What the task asks:
Take the line containing "Pre-owned Supreme Faux" through the last line of the data and retype those lines exactly. Pictures do not belong in the copy.

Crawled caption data
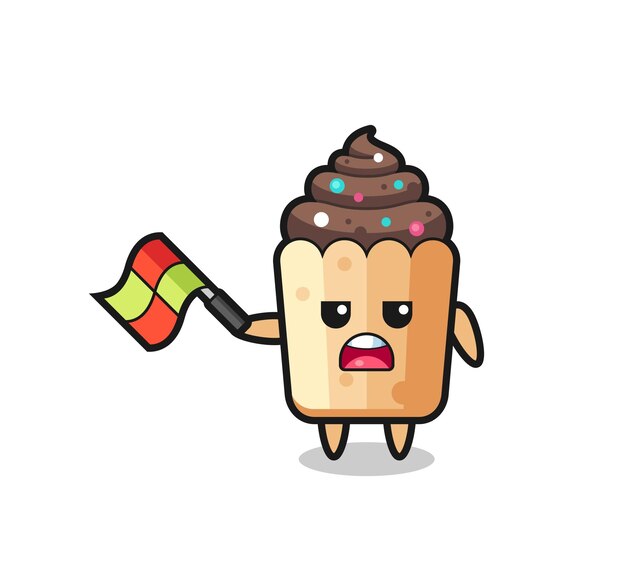 Cupcake cartoon as the line judge hold the flag up at a 45 degree angle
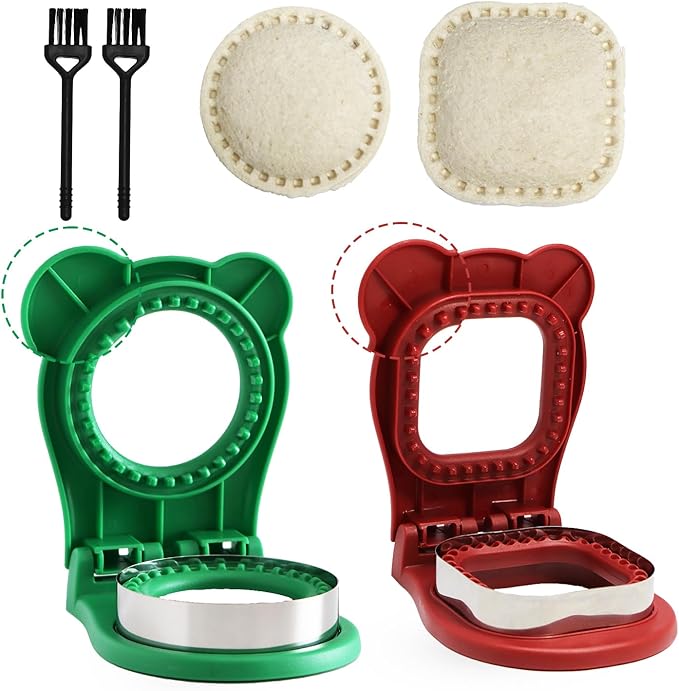 2Pcs Sandwich Cutter and Sealer,Round&Square Uncrustable Sandwich Maker with Seal Edge,Crustless Sandwich Cutter with Brush,Sandwich Sealer for DIY Breakfast Lunch Picnic(Red S+Green R)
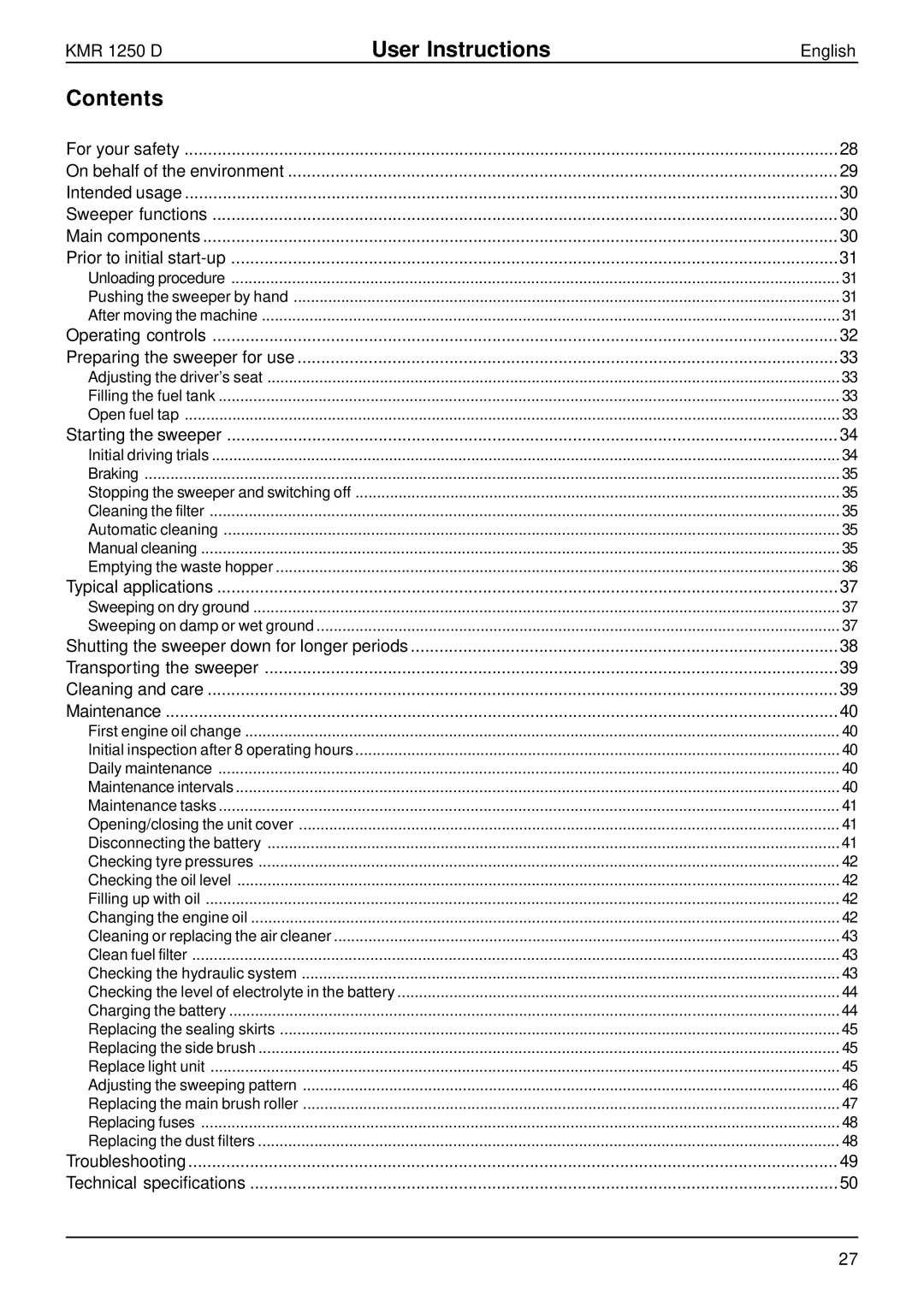 Karcher KMR 1250 D manual User Instructions, Contents 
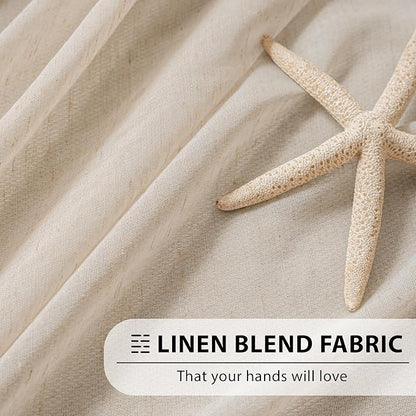 FMFUNCTEX Linen Sheer Curtains for Bedroom, Taupe Curtains 96 inches Long for Living Room, Brown Farmhouse French Flax Blend Window Draperies, Rod Pocket 2 Panels Set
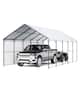 Front. VEVOR - Heavy Duty Metal Carport, 13' x 26' Outdoor Carport with Galvanized Steel Frame & Roof, Car Tent Garage Shade - Gray.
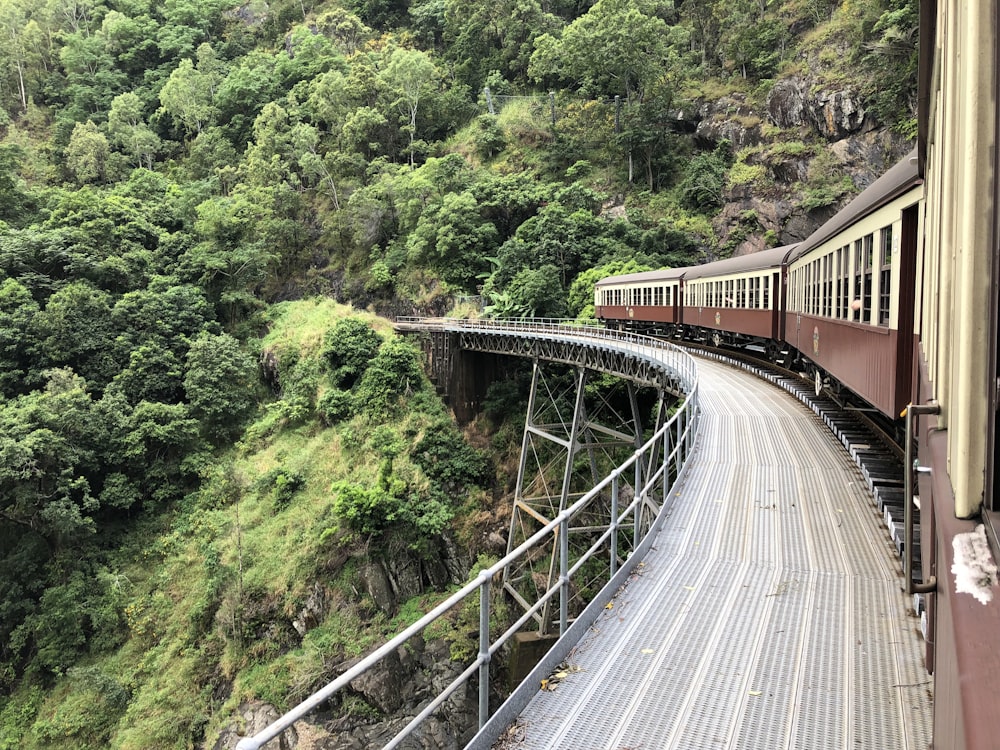 a train travels down the tracks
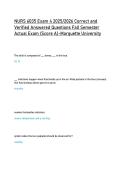 NURS 6035 Exam 4 2025&sol;2026 Correct and  Verified Answered Questions Fall Semester  Actual Exam &lpar;Score A&rpar;-Marquette University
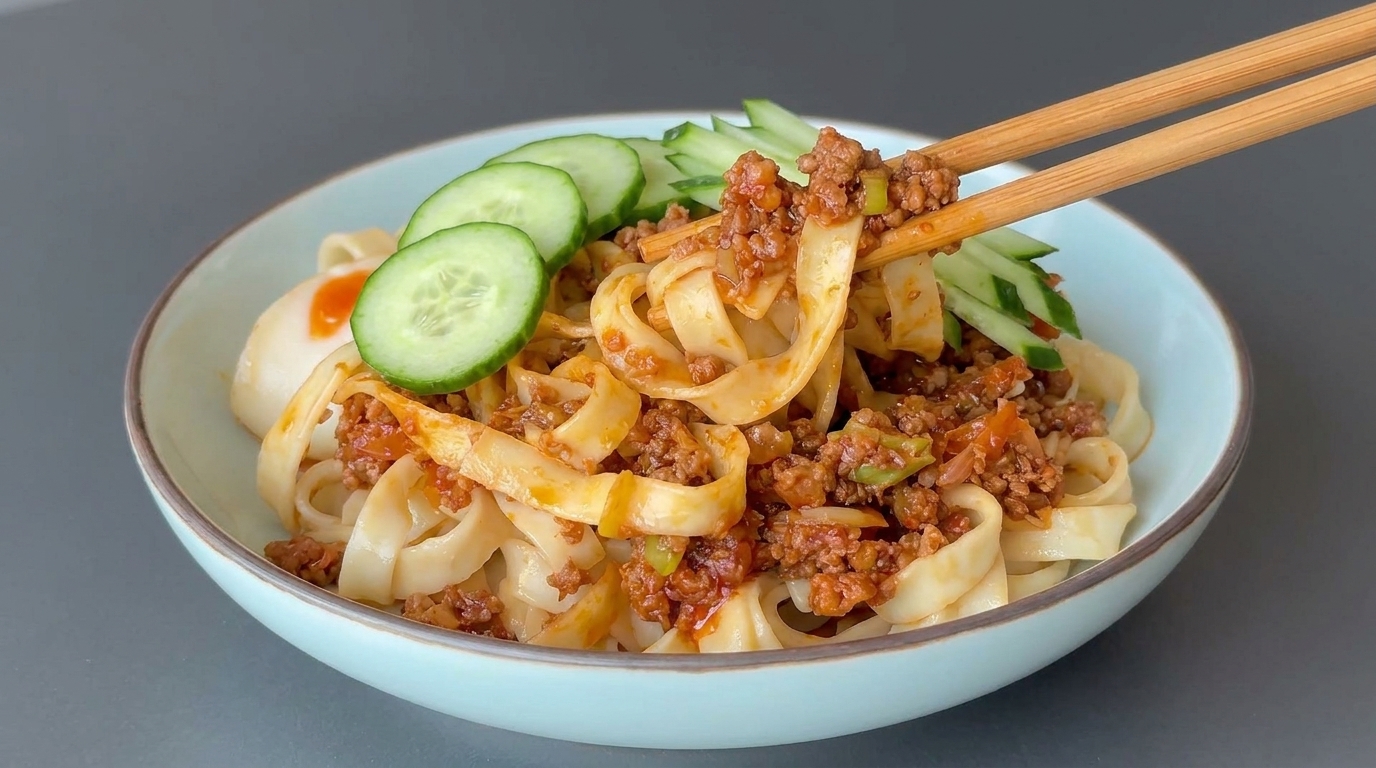 Eine Schüssel taiwanesische Danzai-Nudeln, garniert mit würzigem Schweinehackfleisch und frischen Gurken.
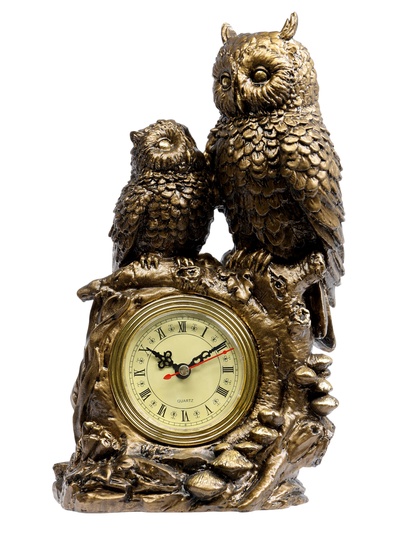 УЦЕНКА Часы настольные интерьерные каминные «Две совы», 15.5×9×29.5 см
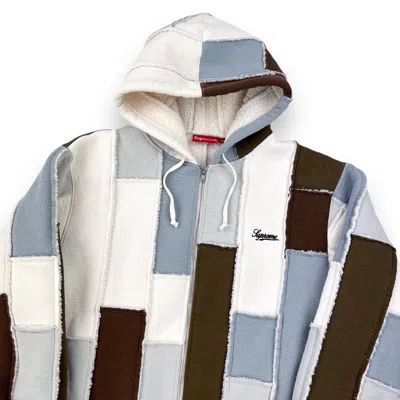 Pre-owned Supreme Faux Shearling Zip Up Hoodie In White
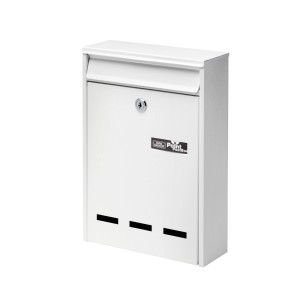Boîte aux lettres blanche en acier Burg Wächter Pocket 5871, adaptée aux enveloppes DIN B5.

Solution for this problem:
 Pre-owned Supreme Faux Shearling Zip Up Hoodie In White
Boîte aux lettres blanche en acier Burg Wächter Pocket 5871, adaptée aux enveloppes DIN B5.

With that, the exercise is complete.